*TASK:* In the data below, repeat the line containing "Elegant Strapless Sweetheart" and every following line exactly, up to and including the last line. Exclude pictures.

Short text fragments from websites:
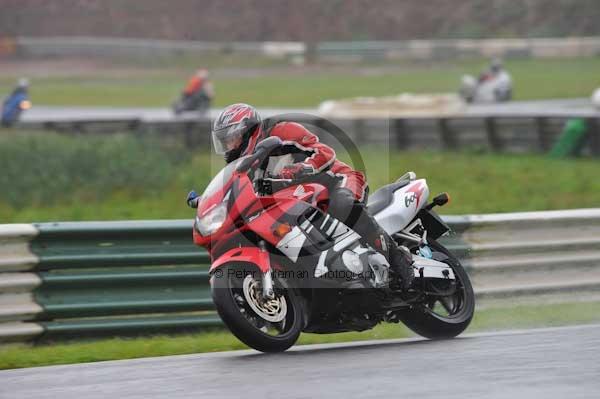 Mallory park Leicestershire;Mallory park photographs;Motorcycle action photographs;event digital images;eventdigitalimages;mallory park;no limits trackday;peter wileman photography;trackday;trackday digital images;trackday photos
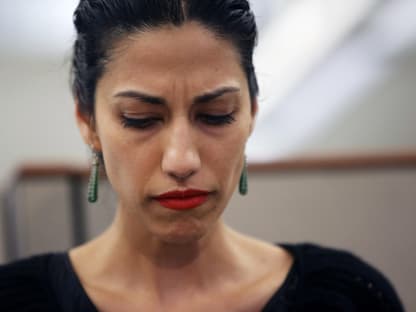 Huma Abedin niedergeschlagen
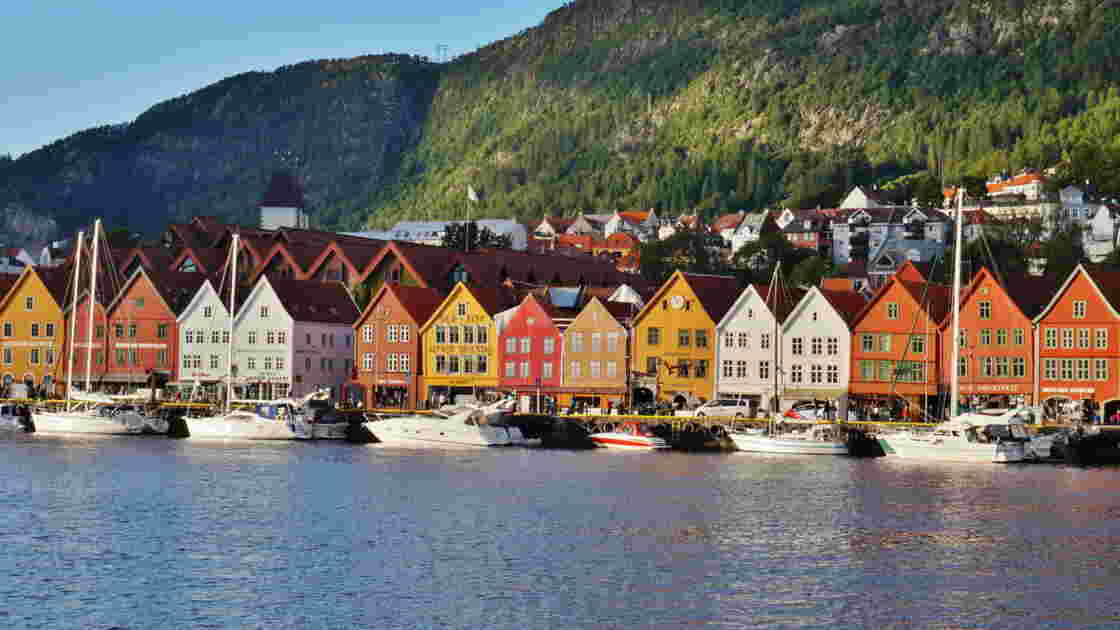 Bergen, Norvège, La Ville De Bergen Vue Depuis Le Belvédère... - Geo.fr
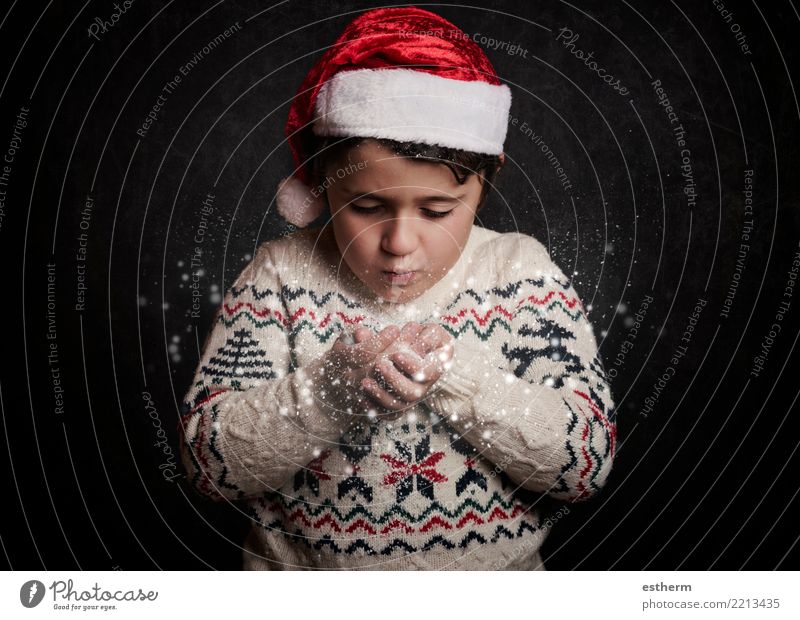 kleines Kind bläst Schnee von den Händen in Weihnachten Lifestyle Ferien & Urlaub & Reisen Abenteuer Winter Party Veranstaltung Feste & Feiern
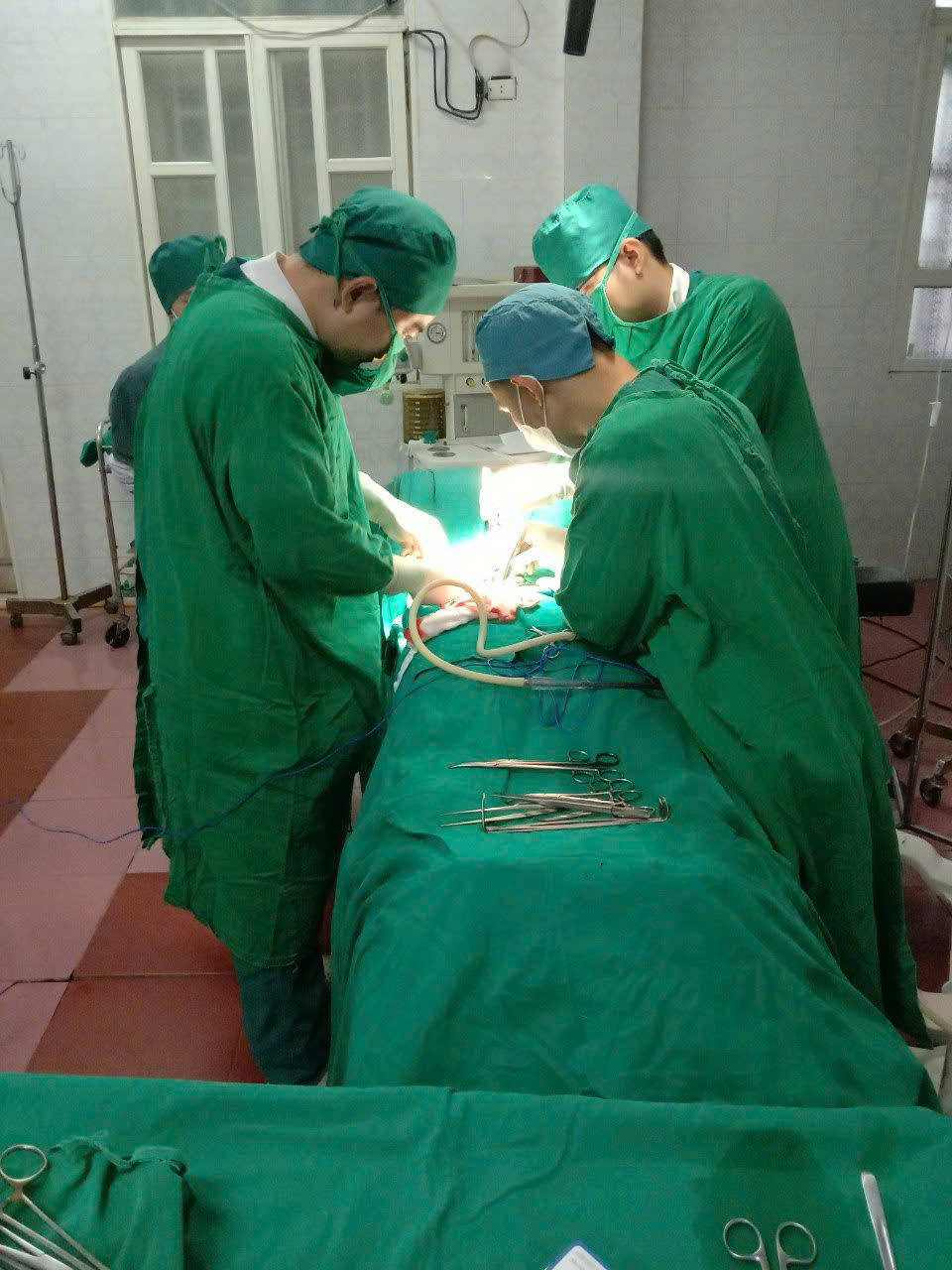 A group of surgeons in a room
AI-generated content may be incorrect.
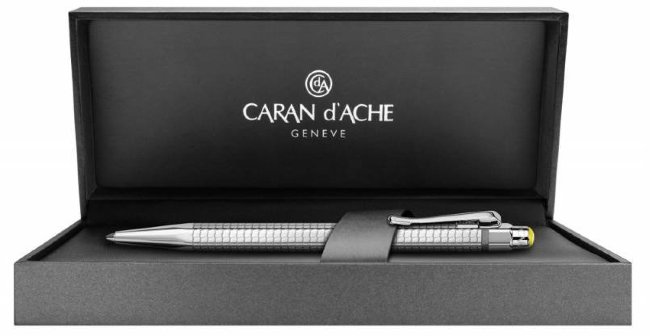 Шариковая ручка Caran d`Ache Ecridor Match Point Шариковая ручка Caran d`Ache Ecridor Match Point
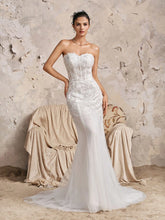 Elegant Strapless Sweetheart Neckline Heavy Lace Embroidery Luxurious Corset Mermaid Wedding Dress With Train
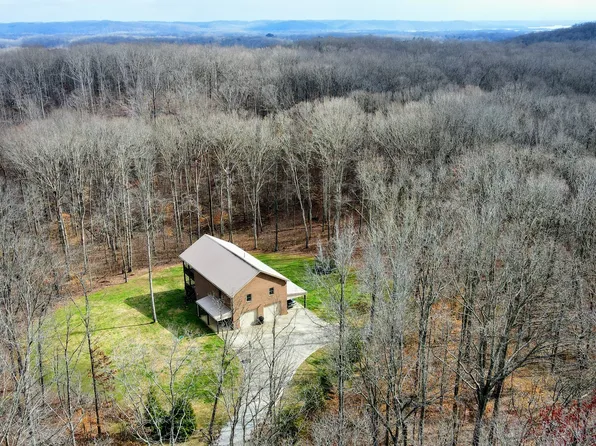 627 Oak Shadow Dr, New Johnsonville, TN 37134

*OUTPUT FOR THIS TASK:*
 Elegant Strapless Sweetheart Neckline Heavy Lace Embroidery Luxurious Corset Mermaid Wedding Dress With Train
 627 Oak Shadow Dr, New Johnsonville, TN 37134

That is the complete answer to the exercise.